Quote:Original post by Ademan555
However, I'm quite reluctant to give up the bind-unbind system because I was under the impression that that was part of why OpenGL draw calls are quicker than d3d ones. Since you can render, and when you call the render function, OpenGL doesn't move around any texture objects, or any shaders, or any vertex buffers, its all been set in place beforehand, which was a big advantage imho(but I don't actually know anything, so its really just an opinion).
No, the reason OGL's draw calls were/are quicker than D3D's was down to the user-kernel switch which had to take place when you issued the draw commands for D3D, which is a MAJOR killer on time. This is now gone in D3D10 (huzzah!) effectively removing OGL's advantage in that department.
From my understanding of the new object model and how things will work instead of doing bind-set-bind-set-etc-etc-draw you'll now produce a vertex object which contains the bind points for the various attributes and when you go to draw you basically pass this in and tell it to draw things. This is a good thing as it removes CPU overhead of multiple bind-set pairs at draw time as well as the overhead the drivers have when setting up data (for example as i recall NV do a fair amount of validation work on a glVertexPointer() call, this work could be moved to one single place thus removing this overhead from draw to setup).
(nb: this could be wrong and it could change, but thats the impression I've got atm)
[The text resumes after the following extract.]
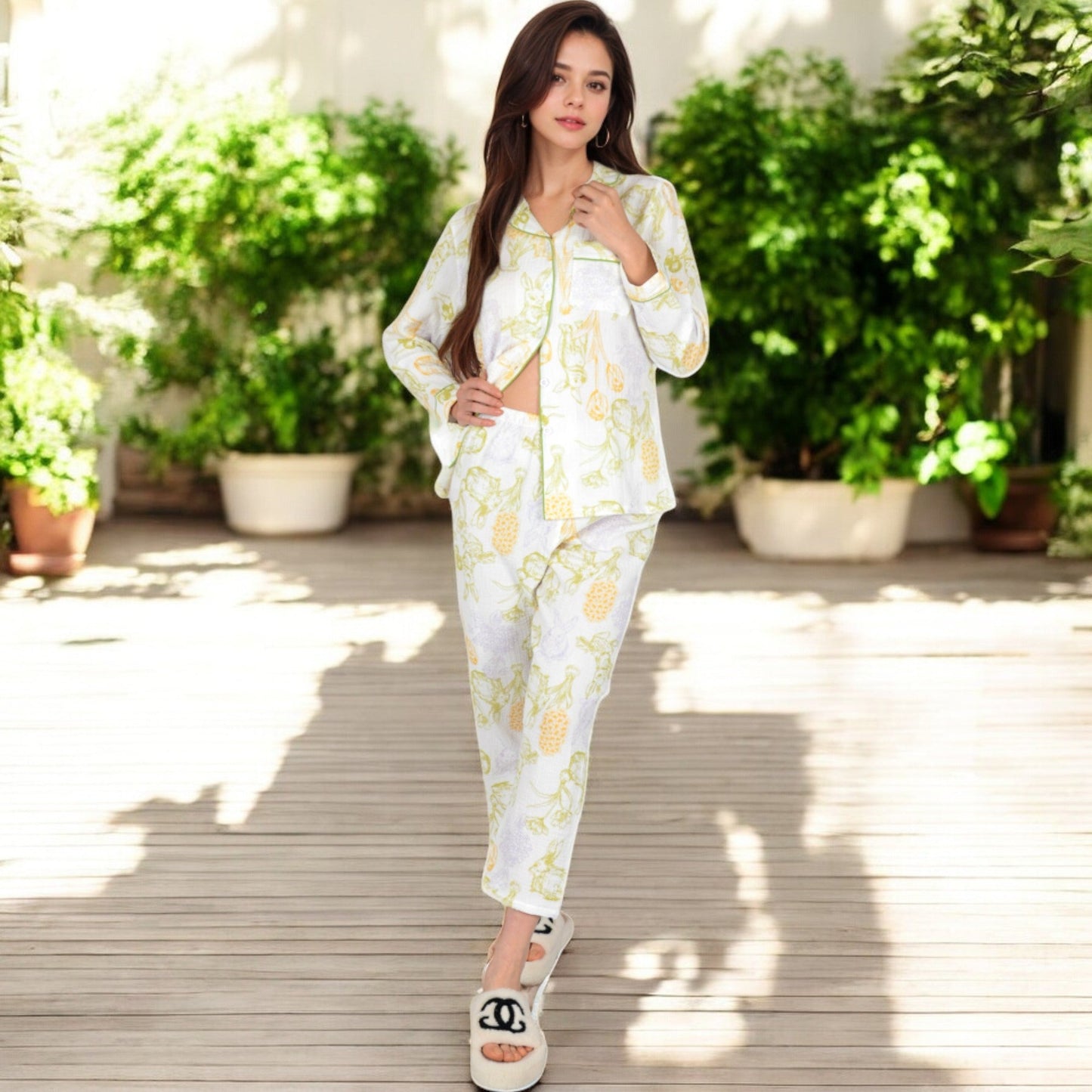 Printed Gauze Pajama Set with Button-Up Shirt and Relaxed Fit Pants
As for the design being brain dead, when it was concieved and for some time afterwards OGL's design wasn't, infact it pretty closely mirrored hardware from my understanding, it's only since the shader revolution that things have started to get icky and it's getting further from the hardware. Of course with backwards compatiblity being a major OGL feature it's hard to 'fix' this problem without breaking things. The compatibility layer over the top of the fast layer seems like the best idea, gives new projects the speed while not breaking the old ones.